One of the most important things you can do is keep your spring cultures far away from your flies and when feeding the frogs ALWAYS feed the springs out before touching the flies as your guaranteed to reinfect your springs.

Mike


----------



## Ron Magpie (Oct 11, 2009)

frogman955 said:


> Bad news I`m afraid.
> They are harmless to your frogs but they will wipe out your springtails.
> You could try with lots of care separate your springtails from the mites, or some of them at least.
> If need be use a magnifying glass to make sure you`ve not collected some mites too.
> ...


Yet another useful tip. :2thumb:


----------



## Ron Magpie (Oct 11, 2009)

Thinking about it, I can add one to the pot, based on the book that Dane and I have both read on woodlice: if you culture more than one type of tropical, keep the dwarf whites well away from any other woodlouse culture; although their reproduction is initially slow, as a species they are all parthenogenic females- capable of producing daughter clones for life.
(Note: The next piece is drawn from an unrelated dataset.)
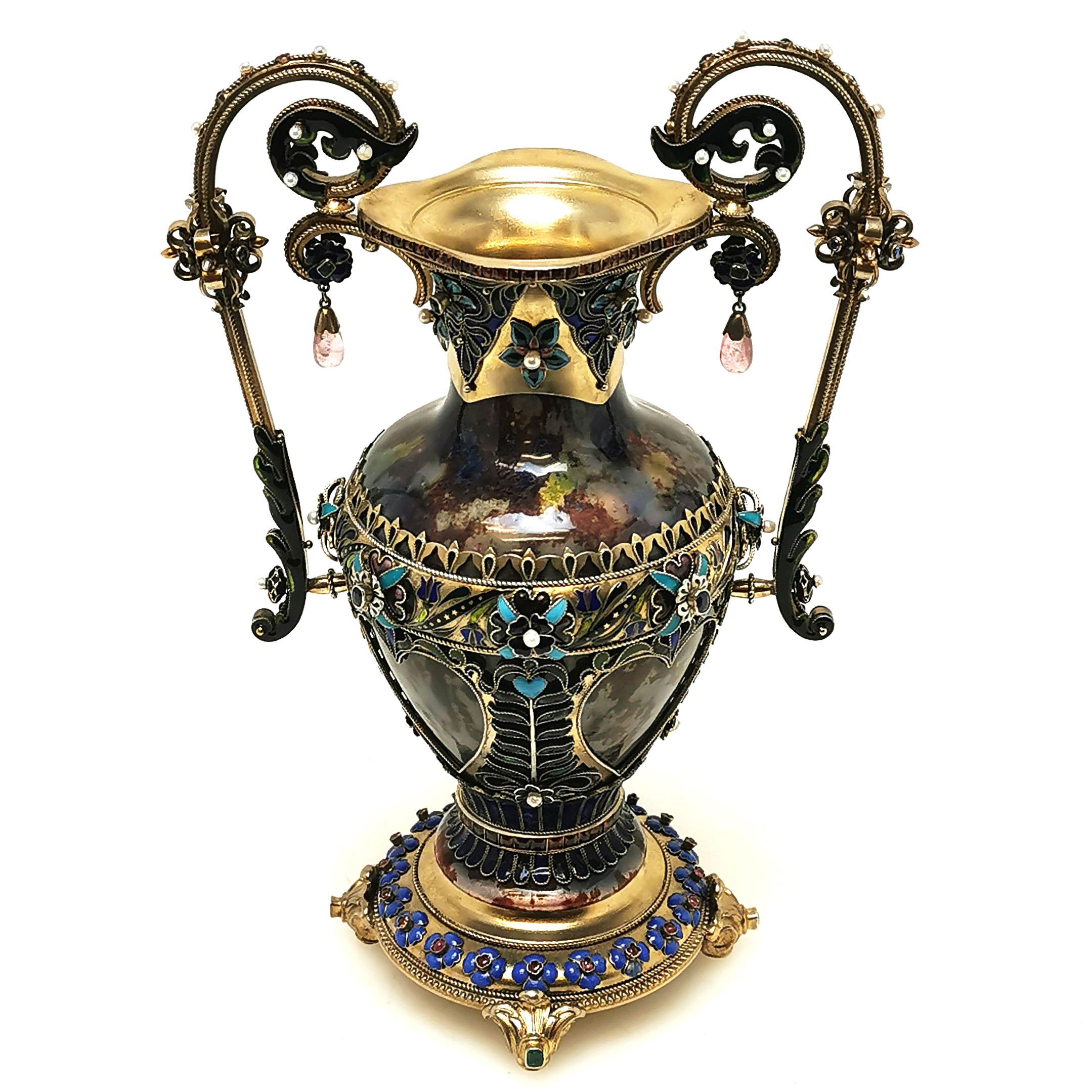 A spectacular Antique Austrian silver gilt and enamel vase ornamented with a variety of polished gems. The body of the Vase is embellished with Bohemian style enamelled patterning while the scrolls and borders of the Vase are further decorated with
In the confines of a culture, even one stray female can result in a total takeover :gasp:


----------



## INDIANA1 (Feb 19, 2013)

So they're not dangerous to the animals then???


----------



## frogman955 (Feb 7, 2010)

INDIANA1 said:


> So they're not dangerous to the animals then???


 
Not in the slightest.
I`ve put infested cultures into my vivs in the past and the frogs have sat there for a whole day at a time picking off any mite stupid enough to show it`s face.


Mike


----------



## INDIANA1 (Feb 19, 2013)

So these mites pose no threat other than they'll eat my springs??


----------



## aberreef (Aug 10, 2010)

INDIANA1 said:


> So these mites pose no threat other than they'll eat my springs??
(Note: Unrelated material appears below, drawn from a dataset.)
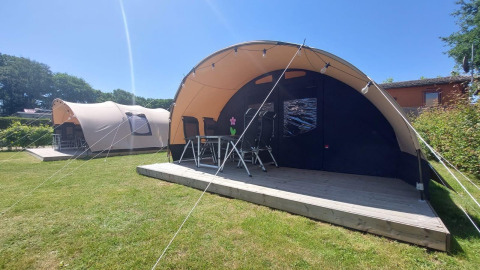 Tunnel tents at Sevink Molen campsite in the Netherlands, with wooden decks and camping chairs outside.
They make me itch:censor: Other than that, some species can cause problems if you keep any inverts (mantids, Ts etc) and some infest snakes. Never heard of any bothering amphibians though:whistling2:

Are the mites you've got light or dark brown? There's one type I've come across that is Devil spawn:devil: It's tiny, dark brown any shiny and they tend to group tightly around food. The ones I had nearly wiped out my orange and other more exotic large woodlice:bash:


----------



## soundstounite (Sep 6, 2009)

Lmao,Mike I agree completely with that one up there^^^^:lol2::whistling2:

Lewi,mites are a main feeder along with ants it seems for many dart species in the wild,so to echo other shouldn't be a problem for frogs. You can try flooding the culture, the mites ten to get stuck in the water. Then use a biggish straw to blow the springs which will be sat on top of the water to a new CLEAN container. this way you can HOPEFULLY start a new clean culture,with out any mites in

Stu


----------